"When you vote you are excersizing force, and force my friends is violence, the ultimate authority from which all authorities are derived."

Well, it's about bloody time that I finally mentioned this movie. I have to admit, the first time I saw it, I was awed by the effect and the wonderful action scenes. They were done so well, that in fact I overlooked the seemingly rampant lack of a real plot line and the fact that this was basically a Beverly Hills 90210 in the 26th century. I really do love this movie though, I think that the Arachnids were remarkable and the battle scenes were absolutely amazingly well done. There was a completely useless co-ed shower scene with lots of tits, and there is a bit of romance too (referring back to the 90210 reference) and hot chicks who cause good looking guys to get into bar fights because of broken hearts and new bed partners.
All in all, this was a real fun movie, and if you are looking for any great shakespearean acting, then get off my website!!!!

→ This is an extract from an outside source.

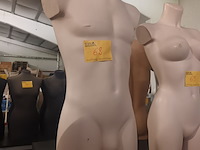 Lot 68 - paspop man torso - afbeelding 2 van  2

I will make this simple and break this movie up into 3 elements, The Good, The Bad and, The absolutely horrid.

The Good:
The special effects were amazing, and Carmen and Diz are both babes, and Diz has great tits, and the Arachnids masacre thousands of people and we get to see lots and lots of limbs and gore fly around. If you are also a fan of shitty TV soaps like 90210 or Party of Five or anything else like that, then you should also enjoy the rather tacky interactions among the main characters in the first half hour of the movie (which is the supposed setting and plot builder for the movie). The rest of the movie consists of excellent fight scenes and gore and pointless nudity. And to top it all off, there is the too cool scene where Zander get's his brains sucked out with a huge needle that punctures his skull and you see all that grey matter get sucked through a transparent tube. *smiles*
So all in all, Starship Troopers has something that can appeal to almost everybody.

The Bad:
You never get to see Carmens tits. *pouts* The fact that they even tried to put in a sensual plot line after the entire school settting of the movie ended. I mean, once you get into the fight scenes you don't want to see the characters interact with each other because it's just the same old same old. The fact that in the original book Dizzy was a guy (wouldn't THAT surprise Rico in the tent eh?). The fact that Carmen dumped Johnny to sleep with Zander, then once Zander got his brains sucked out, Johnny took her back like nothing was ever wrong. I mean, how flakey can we get????

The Absolutely Horrid:
The fact that in the first battle scene on Klendathu a single Arachnid warrior took 7 marines constantly firing for a solid 2 minutes to be killed, whereas at the end of the movie a single crippled soldier holding the assault rifle one handed with a huge ass cut in his chest with his guts spilling out could hold off a horde of 50+ Arachnid warriors to let his buds escape. Then to add insult to the injury, the nuke that this crippled warrior held detonated, but the explosion moved fast enough to catch up with our retreating heroes until the camera went to a behind view of them again. Then when we got to see the explosion coming up behind, they had managed to gain a good 50 feet on it and it was having trouble keeping up. And finally, our convenient batch of rocks that fell in a single clump just barely missing our heroes and managing to block a nuclear explosion from tearing our heroes into little itty bitty pieces.